Dr. Jameelah Powell: Absolutely. I think you have to be prepared. So once you go to the geneticist or whatever doctor that sort of specializes in this, once you go and you find out what your risk is, then it’s up to you and at least you have that information now to really make an informed decision about what you want to do. Because you can say, well, our chance is 25%. So the chance is higher that we will not have a child that has this particular genetic disease. However, you could at least be prepared for that 25% chance that you might have a child with that disease.
So, I would say in that case, are you willing to take that risk? And, what kind of impact would that have on your lifestyle or is that something that you can manage at this time in your life? And I would want to do all the research on this disorder, this disease, and just be prepared. But, I think it’s better to make an informed decision about that.
Dr. Bjorn Mercer: And being able to make an informed decision is one of the things we hope to do in every aspect of our life, especially health and health decisions. So, absolutely wonderful conversation today Jameelah, any final words?
Dr.

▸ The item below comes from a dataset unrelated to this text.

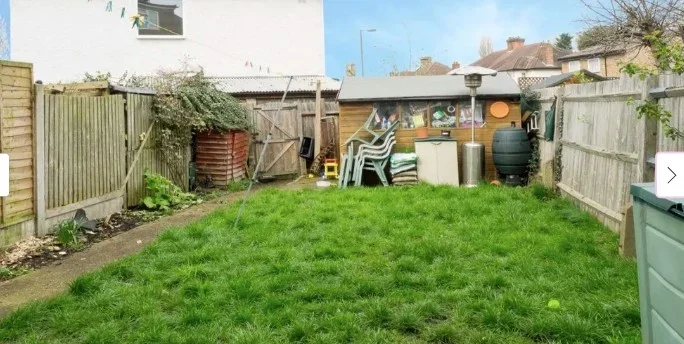House Bishopsford Road in Greater London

Jameelah Powell: My final words would be just get that information the best way that you can, I would say, also try to use a form called the, My Family Health Portrait that you can get to through the Surgeon General, where you can sort of store all of this information. Because I would not task anybody to try to remember who died of what and what age they were and whatnot. I think it’s very important to have this information somewhere stored. It’s an electronic thing, but I would also ask that you print it out so that you could just have a hard copy.
I can’t stress how important it is for people to know what’s going on in their family so that they know what’s going on with themselves and for their children. Just know yourself, know your family, try to have those conversations as best you can and continue having those conversations. Don’t have one conversation and leave it there, try to continue talking about it because I think what you also do when you do that is make it not so taboo. You make it not such a difficult thing to talk about. You change the culture of your family by asking these questions. So, now people in the family can be open. And now maybe your future generations will have these conversations as if it’s nothing, as if it’s something we do every time we get together just to see what’s going on with everyone.

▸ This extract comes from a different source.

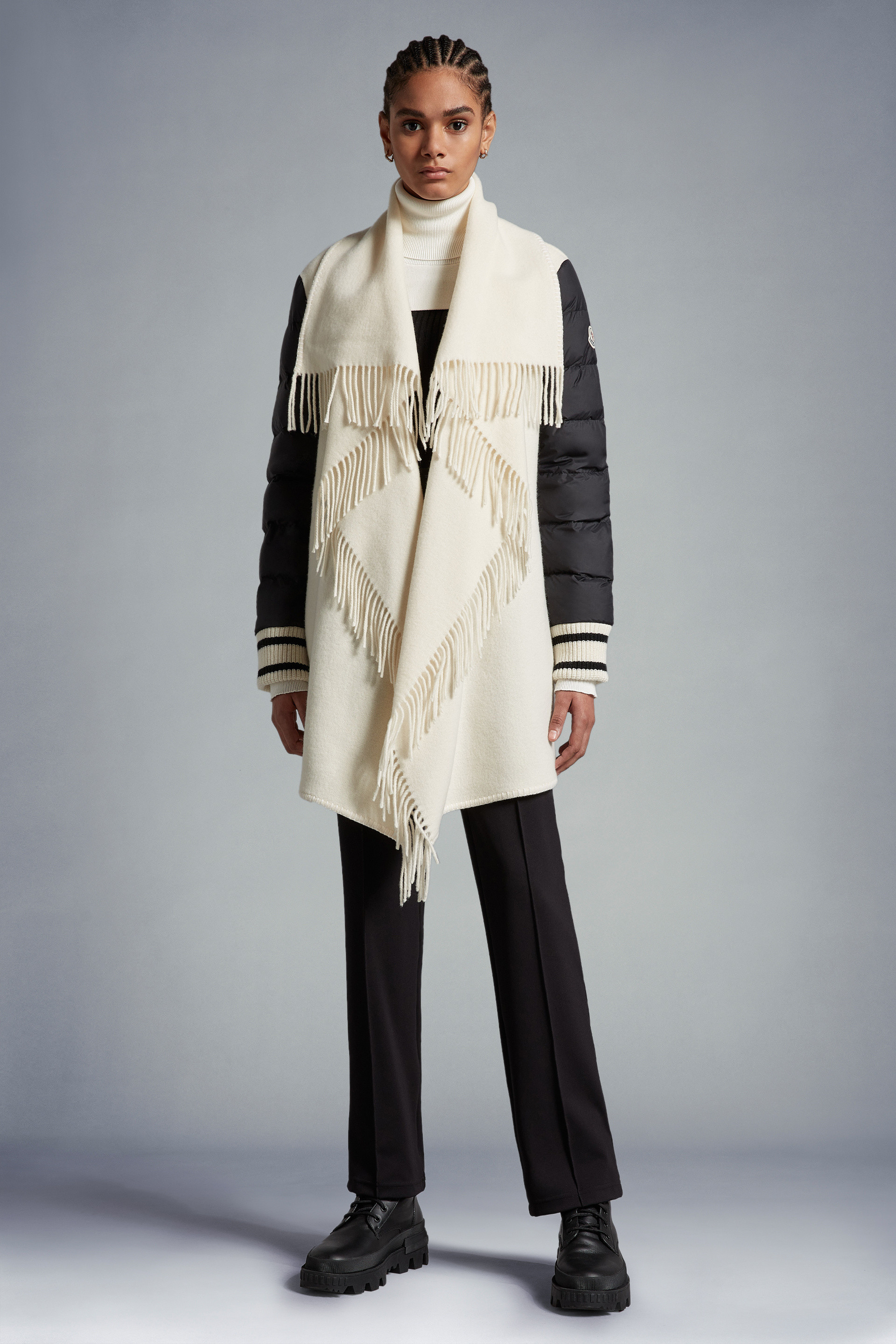 MONCLER2023春夏新作 異素材MIX ダウン入り ウールポンチョ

Dr. Bjorn Mercer: And I love that every conversation about health should be about improving our health and it should never be taboo. Like many conversations I think that people have, the more you do it, the easier it becomes and it’s all about communication and it’s all just about caring for each other. Absolutely wonderful conversation and so thank you so much. And today we’re speaking with Dr. Jameelah Powell about the importance of sharing family health history. My name is Dr. Bjorn Mercer and thank you for listening.